1. Help with a Transformation Matrix between 2 cartesian coordinate systems

I have two 3D Cartesian coordinate systems with different orientations, call them A and M. In 'A' I have 8 defined points with 3D coordinates. In 'M', I have 6 of the points in 'A' defined with 3D coordinates as oriented in 'M', 4 of which are on the same plane.

I need help trying to figure out the steps to get a transformation matrix such that I can get the unknown two points in 'M' using the known points in 'A'.

Thanks

Also, any good links for transformation matrices or help to solve a problem like this would be appreciated.

2. Re: Help with a Transformation Matrix between 2 cartesian coordinate systems

A linear transformation in 3D can be represented by a 3 by 3 matrix. If you know, for example, that the point (x, y, z) in one coordinate system is mapped into (p, q, r) in the other, you know that
$\begin{bmatrix}a & b & c \\ d & e & f\\ g & h & i\end{bmatrix}\begin{bmatrix}x \\ y \\ z\end{bmatrix}= \begin{bmatrix}ax+by+ cz \\ dx+ ey+ fz \\ gx+ hy+ iz\end{bmatrix}= \begin{bmatrix}p \\ q\\ r\end{bmatrix}$

so you have the three linear equations, ax+ by+ cz= p, dx+ ey+ fz= q, and gx+ hy+ iz= r. Two more points would give 6 more equations so you need only three points to get 9 linear equations in the 9 components, a, b, c, d, e, f, g, h, and i.

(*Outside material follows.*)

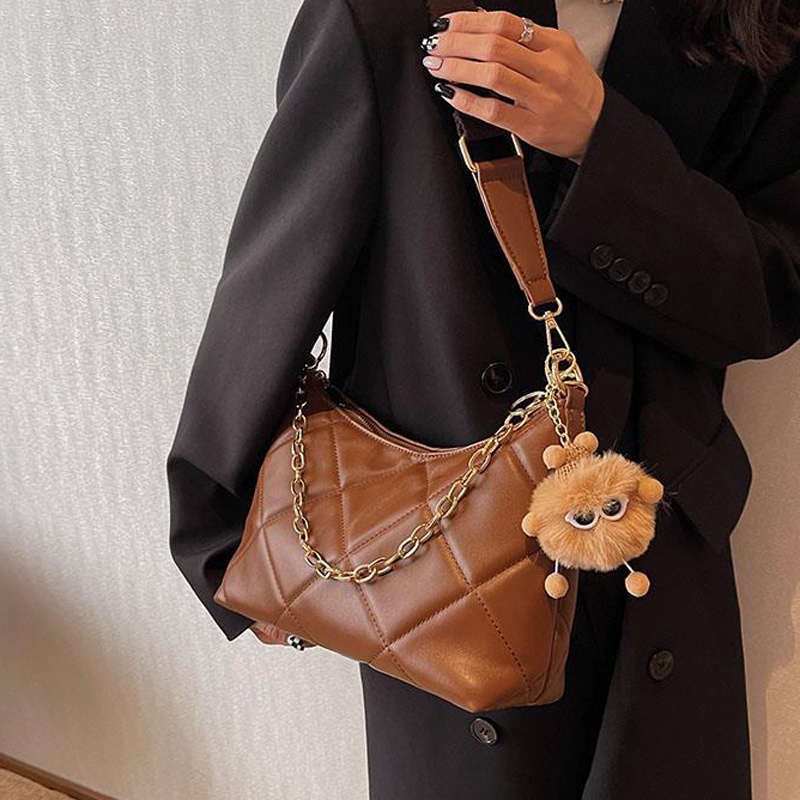 Túi Xách bucket Đeo Vai Thời Trang Cho Nữ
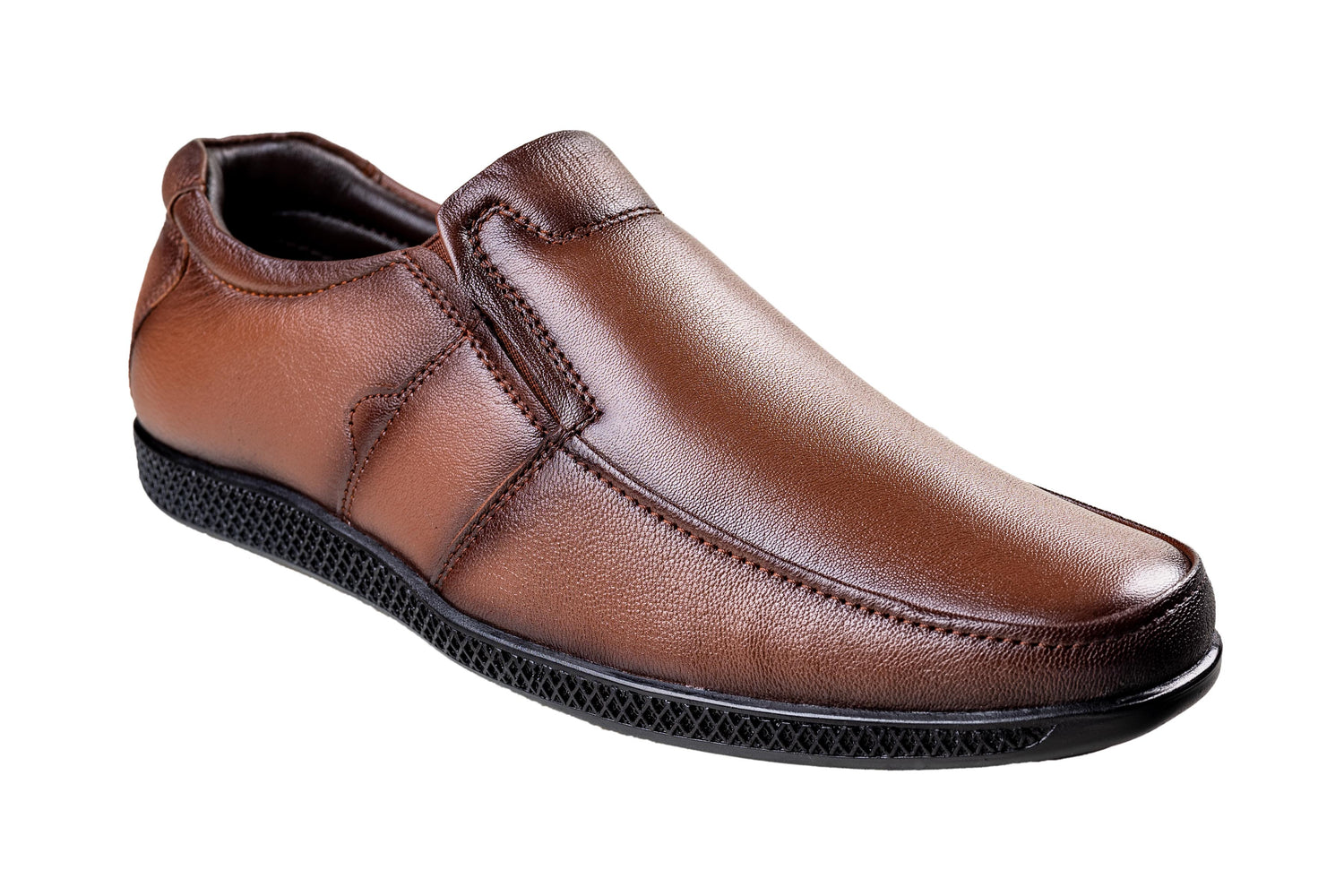 Beresford Gents Brown Shoe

3. Re: Help with Transformation Matrices

Ok, great. Thanks for the help. I just want to get this straight:

So you're saying that "Known Point 1" from 'A' = (a,b,c); "Known Point 2" from 'A' = (d,e,f); and "Known Point 3" from 'A' = (g,h,i) where a, d and g are the x-components of the known coordinate points; b, e, and h are the known y- components etc... And the matrix represented by [X, Y, Z] are basically unit vectors? Or are those a placeholder for the "Unknown Point 4" from 'M' coordinate components? And is [P, Q, R] the "Known Point 4" from 'A' components from the other coordinate system?

Then using the product matrix of that multiplication (the middle matrix in the figure) I solve for x, y, and z using p,q and r? And then I would have found one of the two missing points in 'M' and completed more of the coordinate set?

Sorry, I know that's a lot of questions, but I really appreciate your help!